What is needed » Output every line below exactly, please, omitting pictures.

Supplied information section start

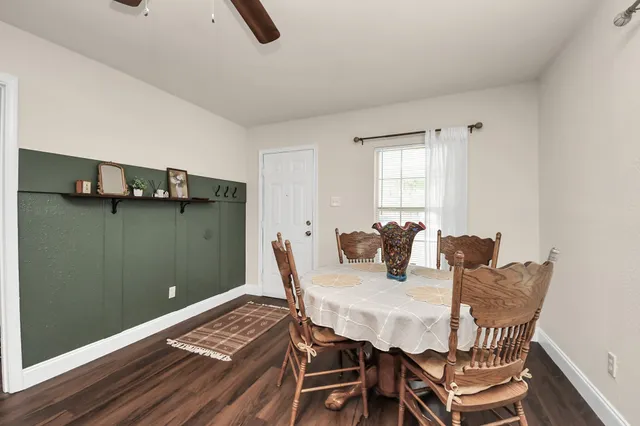 a view of a dining room with furniture and window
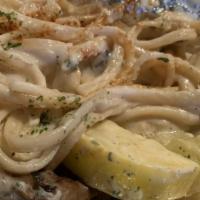 Rasta Pasta · Seasoned pasta with sautéed mushrooms ,peppers and seasonal veggies in a garlic cream sauce ...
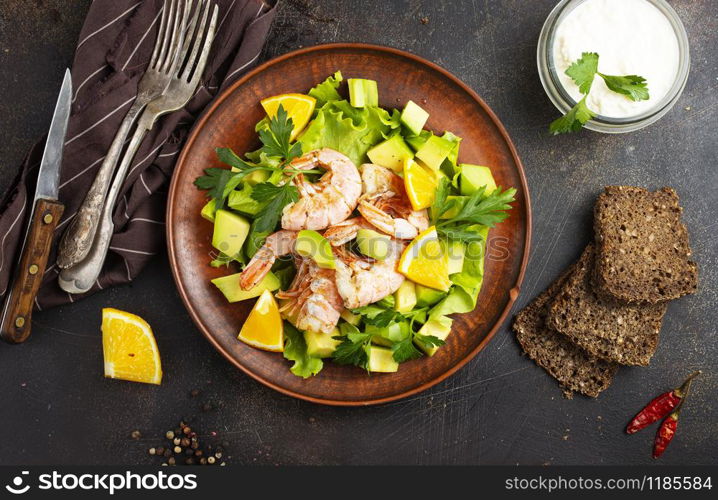 diet salad with avocado and boiled shrimps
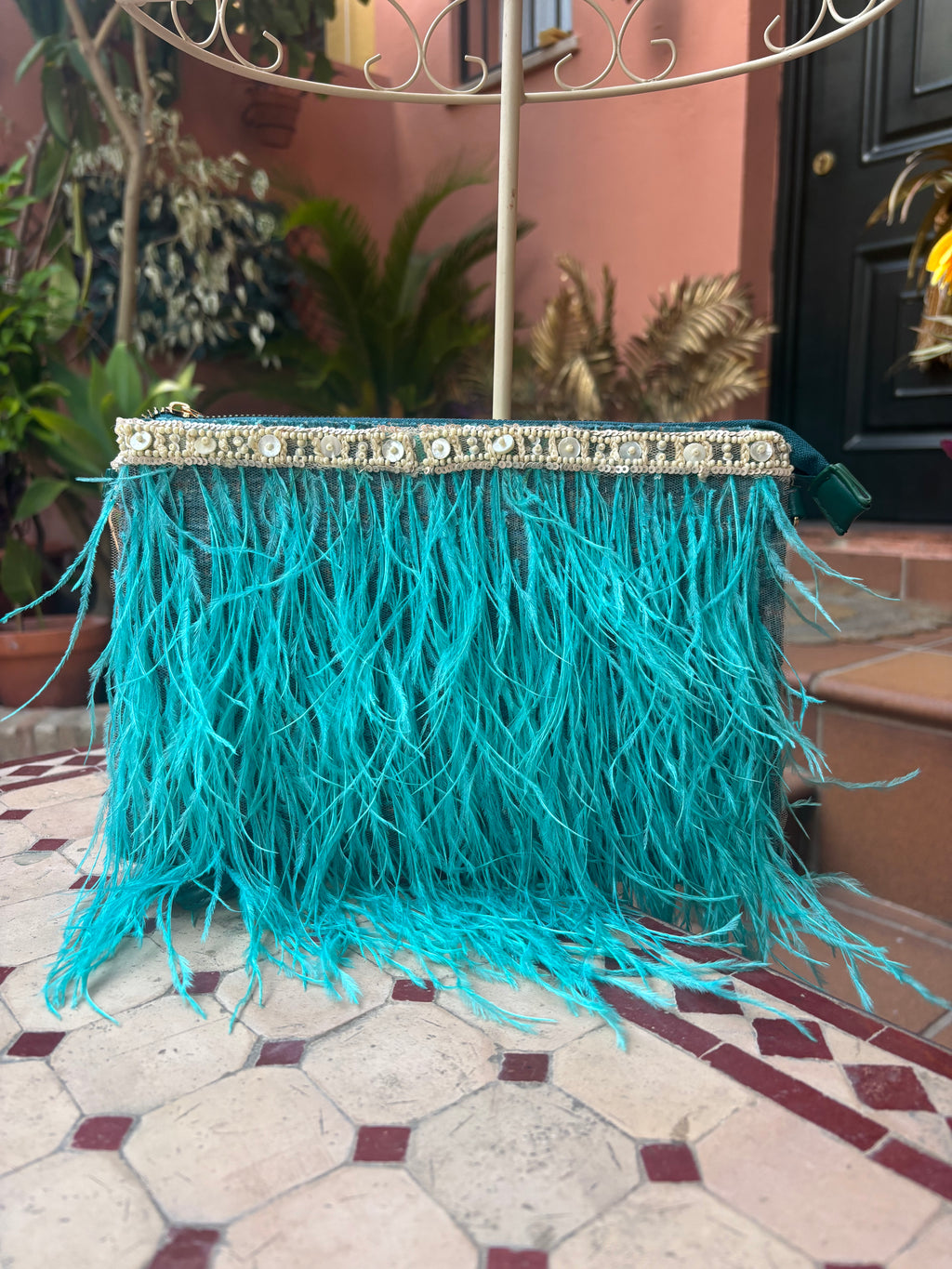 BOLSO PLUMA TURQUESA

Supplied information section end

Solution for this problem »
 a view of a dining room with furniture and window
 Rasta Pasta · Seasoned pasta with sautéed mushrooms ,peppers and seasonal veggies in a garlic cream sauce ...
 diet salad with avocado and boiled shrimps
 BOLSO PLUMA TURQUESA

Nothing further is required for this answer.